**Given information**
========================================

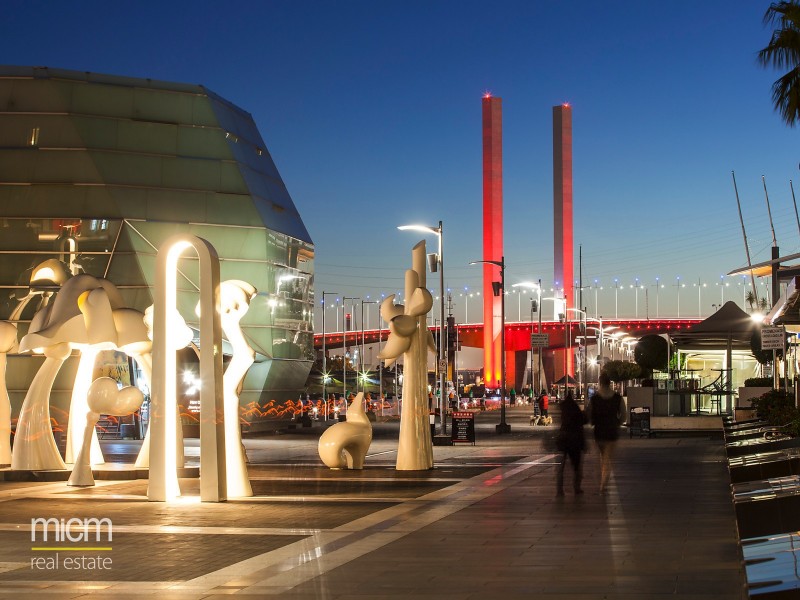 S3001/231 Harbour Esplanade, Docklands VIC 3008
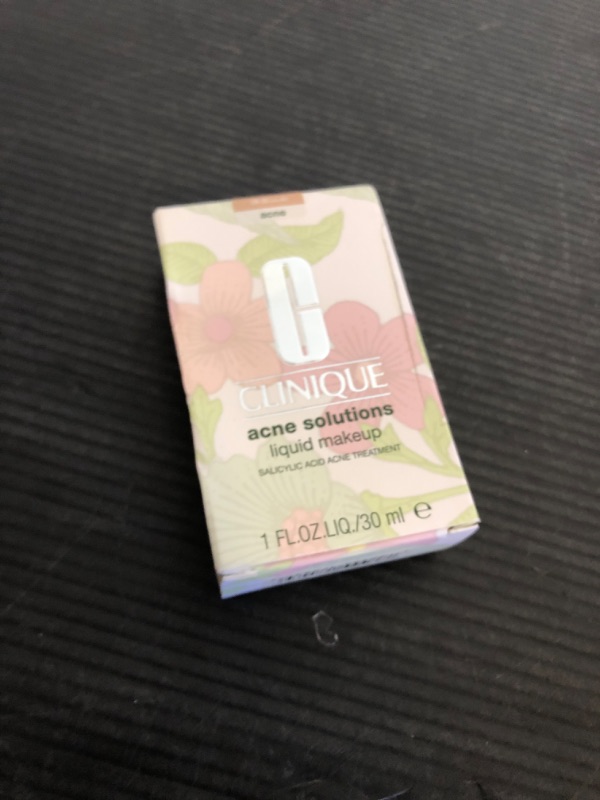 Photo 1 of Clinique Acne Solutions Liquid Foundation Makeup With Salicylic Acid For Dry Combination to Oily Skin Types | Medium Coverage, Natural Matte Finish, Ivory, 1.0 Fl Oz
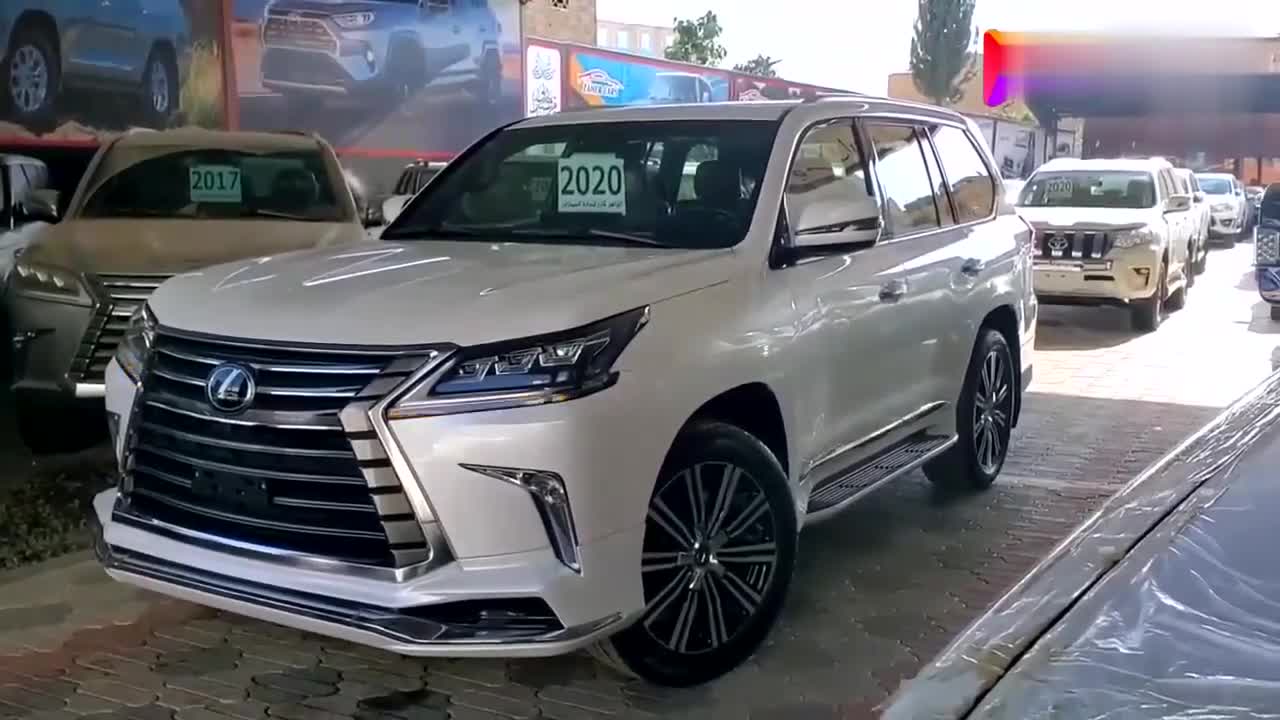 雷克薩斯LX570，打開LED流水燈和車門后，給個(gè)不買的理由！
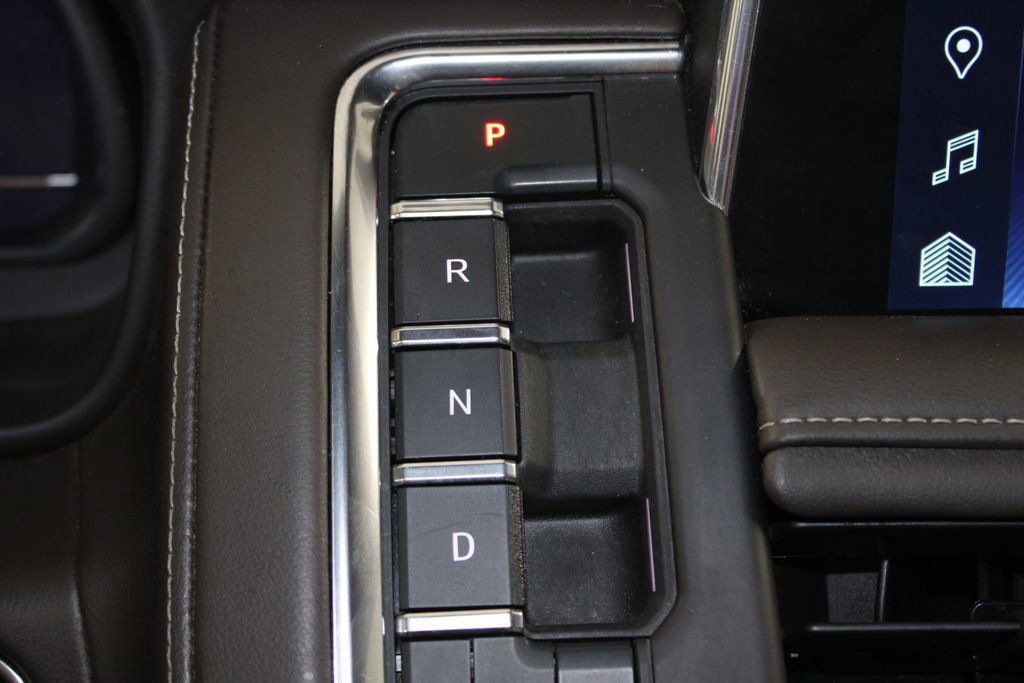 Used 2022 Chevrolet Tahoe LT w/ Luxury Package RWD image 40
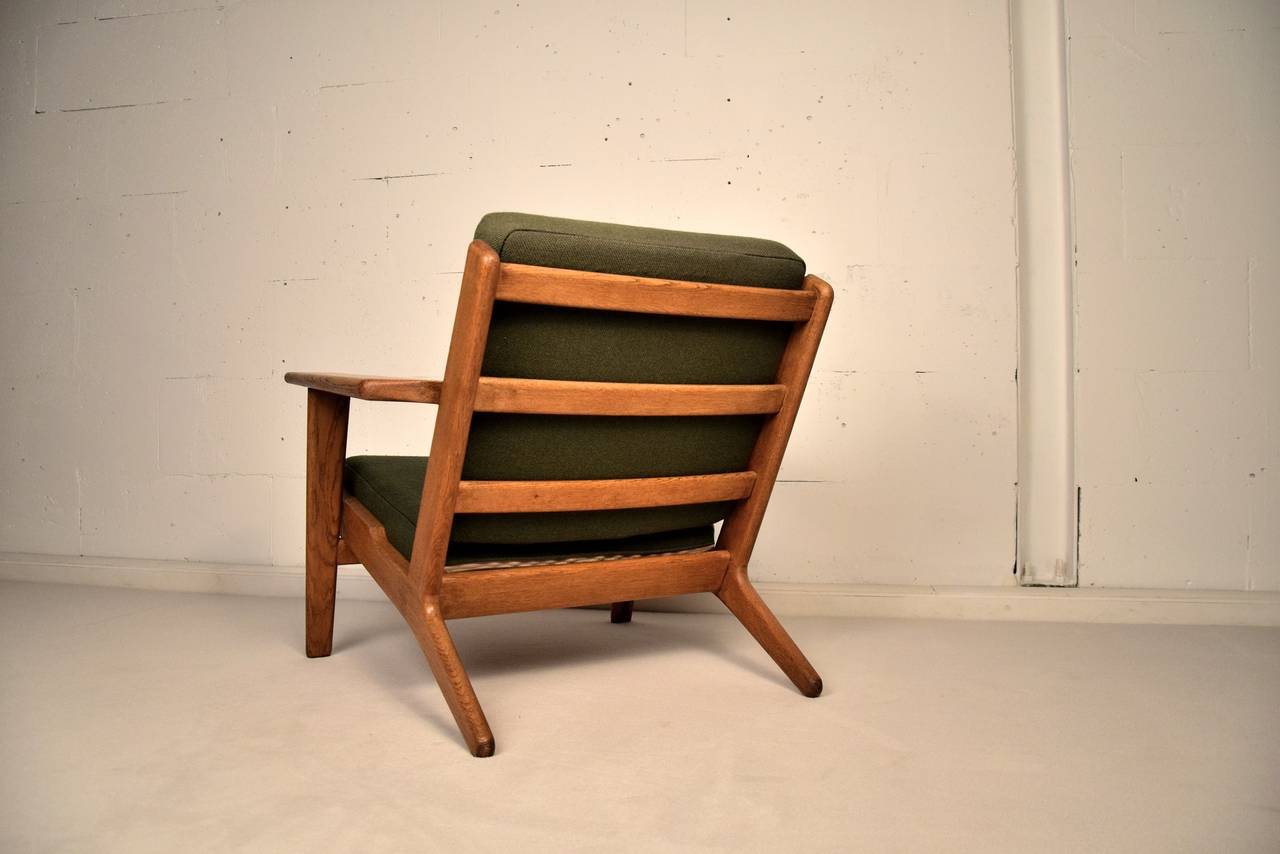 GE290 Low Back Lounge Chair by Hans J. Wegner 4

========================================

**What to do**
When you find the line that contains "Used 2022 Chevrolet", retype it and every line after it through the end of the data above, exactly, with no pictures.

**Answer below**
 Used 2022 Chevrolet Tahoe LT w/ Luxury Package RWD image 40
 GE290 Low Back Lounge Chair by Hans J. Wegner 4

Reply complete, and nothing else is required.